No Title
Semeen Ali
THE BHYABACHYAKA AND OTHER WILD POEMS by Sampurna Chattarji and Eurig Salisbury Scholastic India, 2019, 100 pp., 295.00
November 2021, volume 45, No 11

My first introduction to the nonsense verse was a book gifted to me on my ninth birthday—Edward Lear’s Book of Nonsense. Growing up around that timeline on a diet of Enid Blyton’s works, Nancy Drew, Hardy Boys and Norton Juster’s works—this book deviated from the usual parameters that writers normally take into account when writing for children or young adults. The artwork in this work were exaggerated faces and as shocking/surprising as the images were; they were absolutely delightful. Later on, I searched for works in this genre in the Indian context that had for their audience children and adults as well and came across an anthology of translated works published in 2007 where I first read Sampurna Chattarji’s lovely translations of various writers from the Bengali language as well as her own writings in the English language.

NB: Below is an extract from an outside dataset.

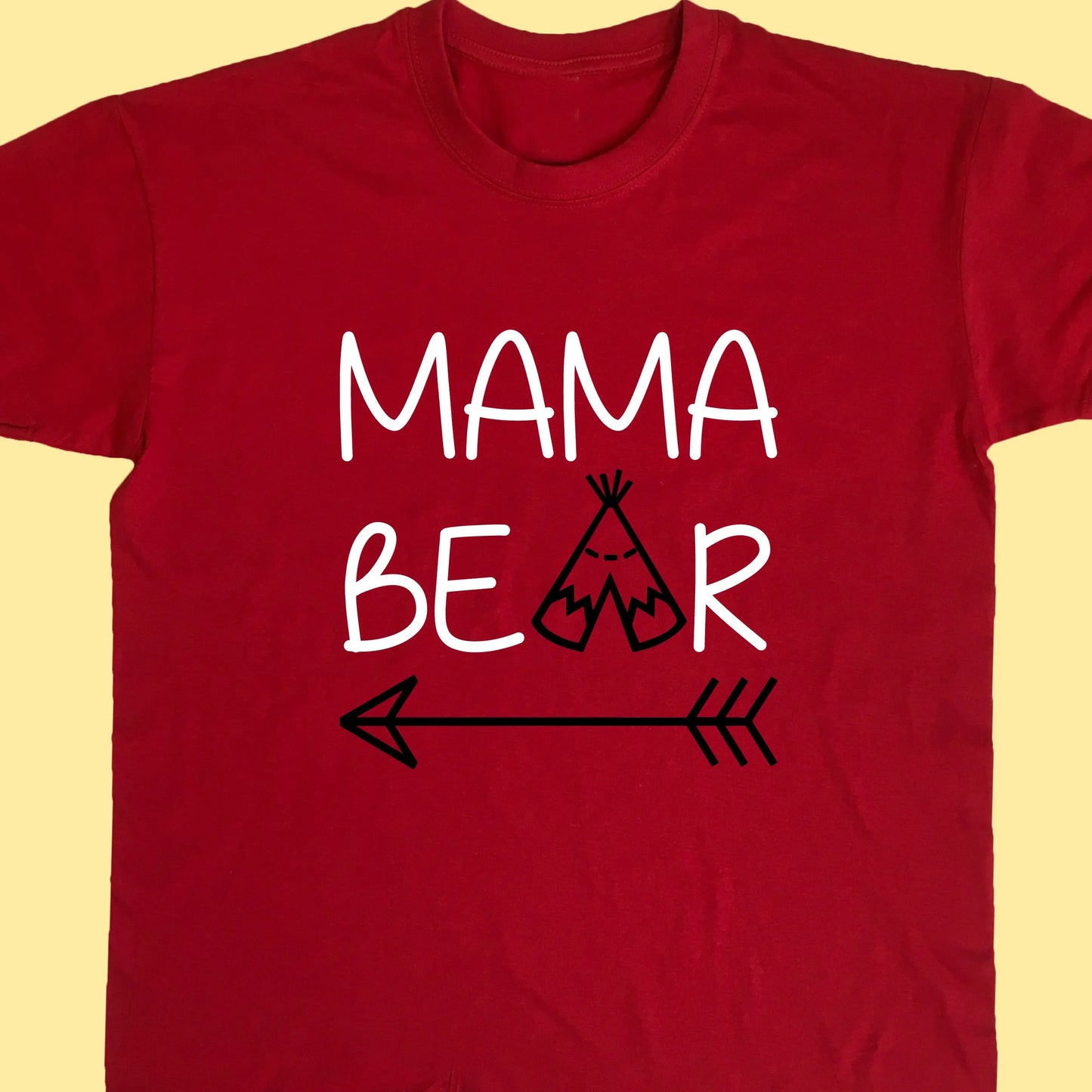 Red adult t shirt with top line of text reading Mama and the second reading bear but with the a replaced with a teepee and an arrow under the whole design. Printed in two colours text printed in white and teepee and arrow in black.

I suppose the language barrier might have prevented me from discovering similar works in regional languages. But on coming across a book like The Bhyabachyaka and Other Wild Poems makes it seems that my search can now be put to rest. The book is a collaboration of two distinct and powerful voices—Sampurna Chattarji and Eurig Salisbury. In the book, language functions less as a signifier, rather it turns into more of a raw material.